START Dataset entries

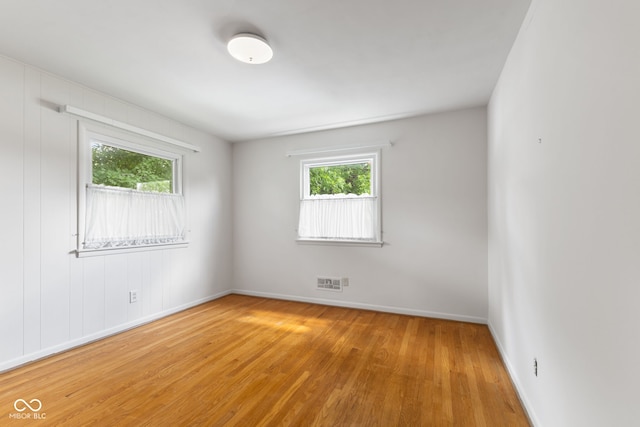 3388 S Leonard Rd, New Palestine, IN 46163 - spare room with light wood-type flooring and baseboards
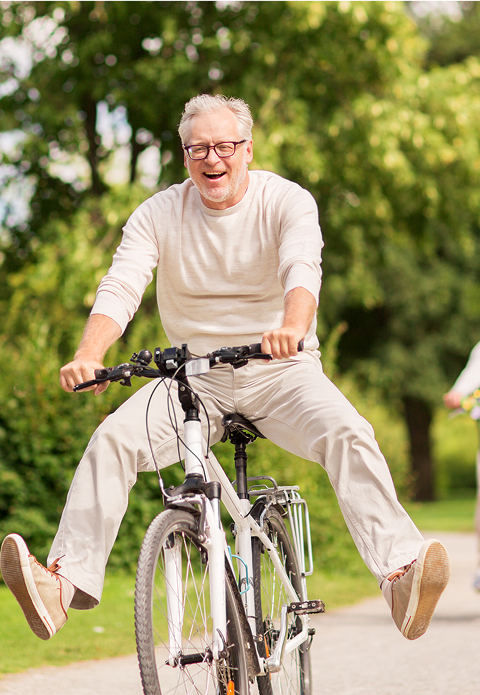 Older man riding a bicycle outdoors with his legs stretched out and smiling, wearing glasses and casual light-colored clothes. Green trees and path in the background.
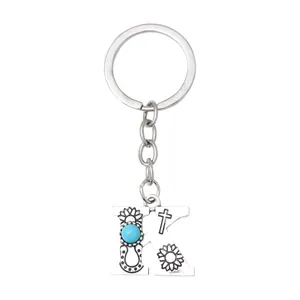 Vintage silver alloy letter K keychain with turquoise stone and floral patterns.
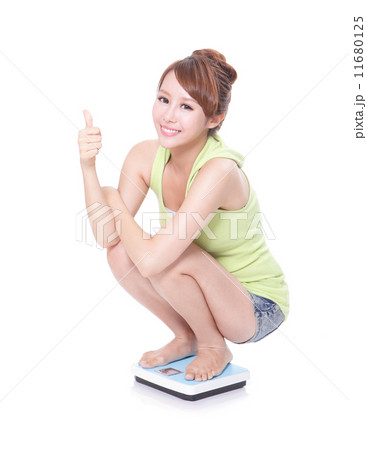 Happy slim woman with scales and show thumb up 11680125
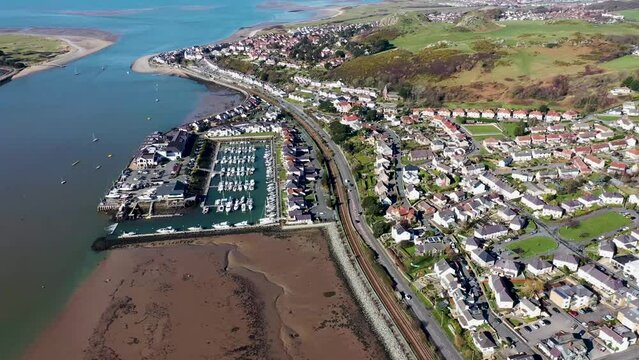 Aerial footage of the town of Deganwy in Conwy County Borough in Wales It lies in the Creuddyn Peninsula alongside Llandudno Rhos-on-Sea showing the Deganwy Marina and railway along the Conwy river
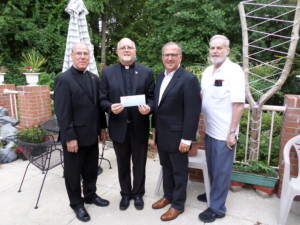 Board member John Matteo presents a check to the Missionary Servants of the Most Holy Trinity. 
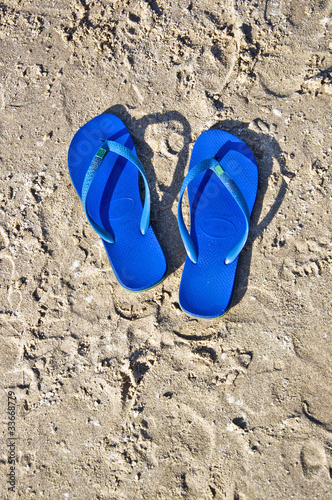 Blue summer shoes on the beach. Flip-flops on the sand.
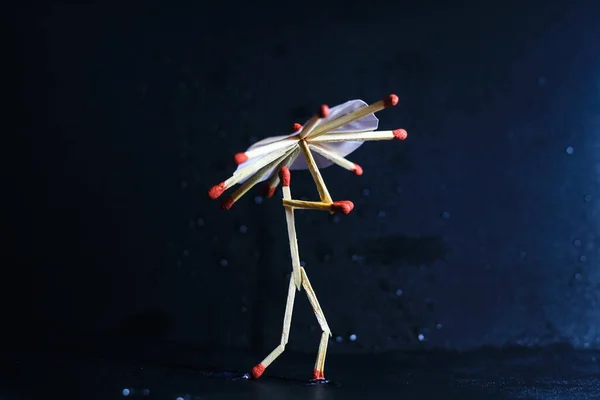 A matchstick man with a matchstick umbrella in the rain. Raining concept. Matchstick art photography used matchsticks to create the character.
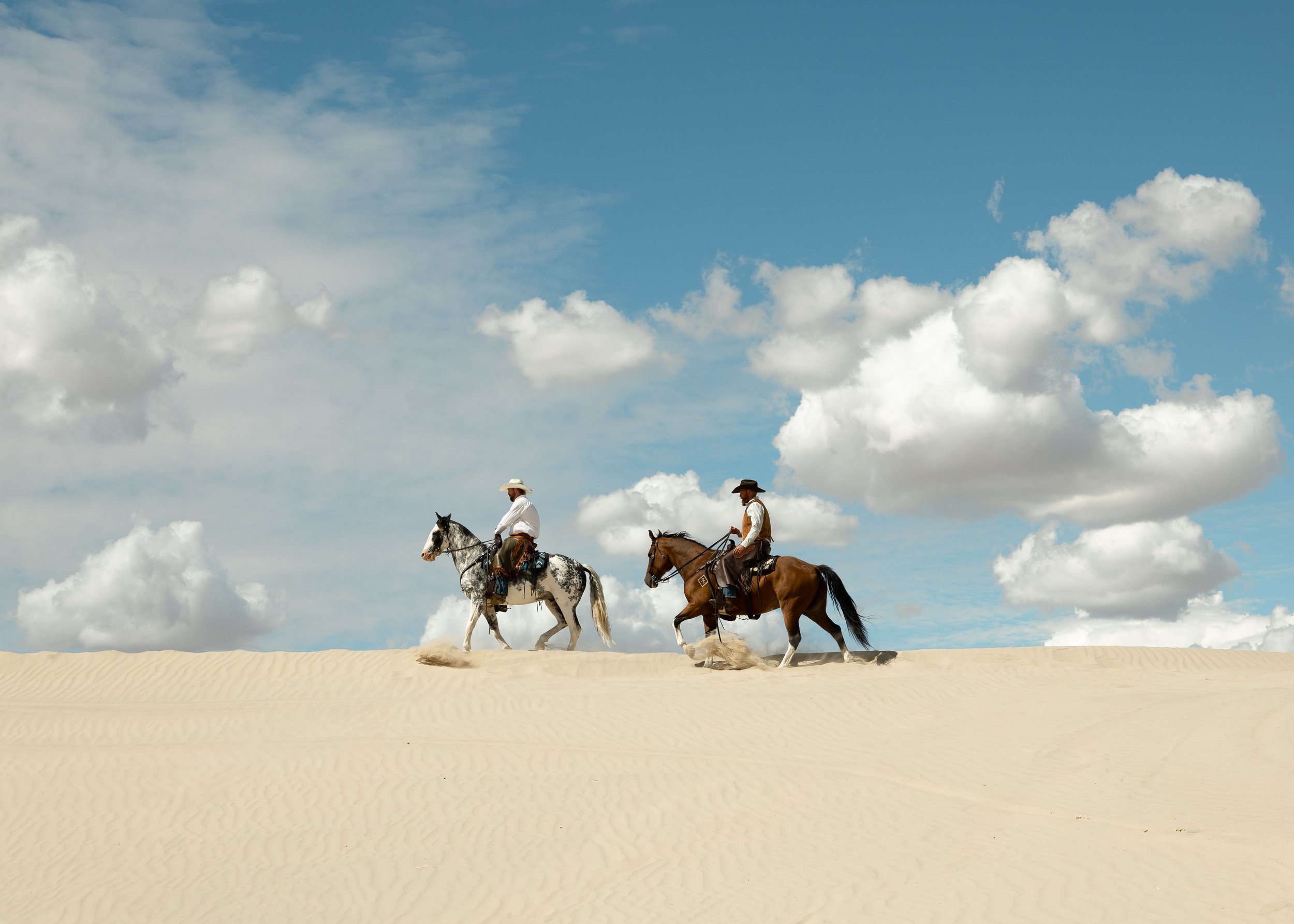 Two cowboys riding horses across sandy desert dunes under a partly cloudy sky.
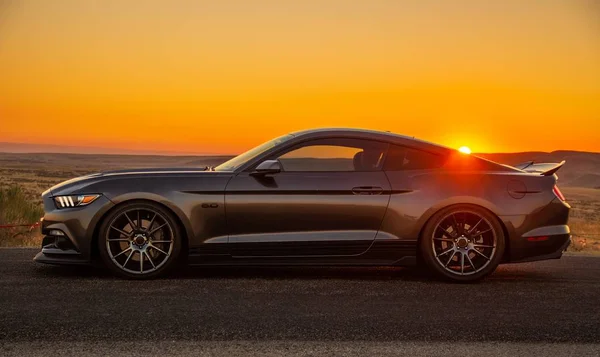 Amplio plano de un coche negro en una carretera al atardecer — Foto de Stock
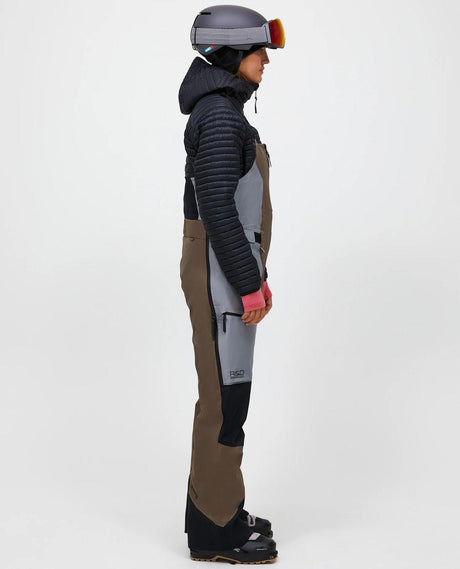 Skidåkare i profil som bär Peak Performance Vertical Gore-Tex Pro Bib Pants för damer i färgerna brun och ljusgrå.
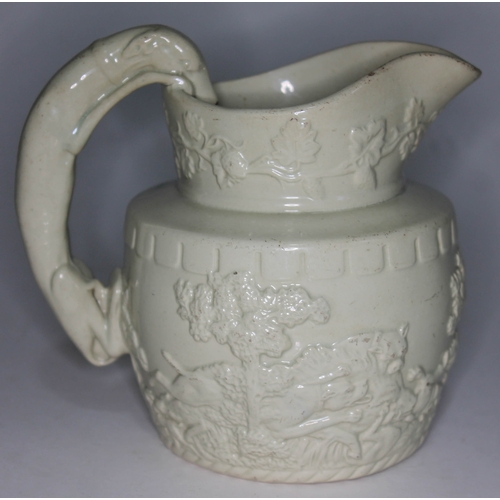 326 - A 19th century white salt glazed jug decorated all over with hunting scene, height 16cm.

END Dataset entries

Task statement. Make an exact copy of the lines above, starting at the line that contains "Skidåkare i profil" and running through the final line of the entries. Omit the pictures.

Result.
 Skidåkare i profil som bär Peak Performance Vertical Gore-Tex Pro Bib Pants för damer i färgerna brun och ljusgrå.
 326 - A 19th century white salt glazed jug decorated all over with hunting scene, height 16cm.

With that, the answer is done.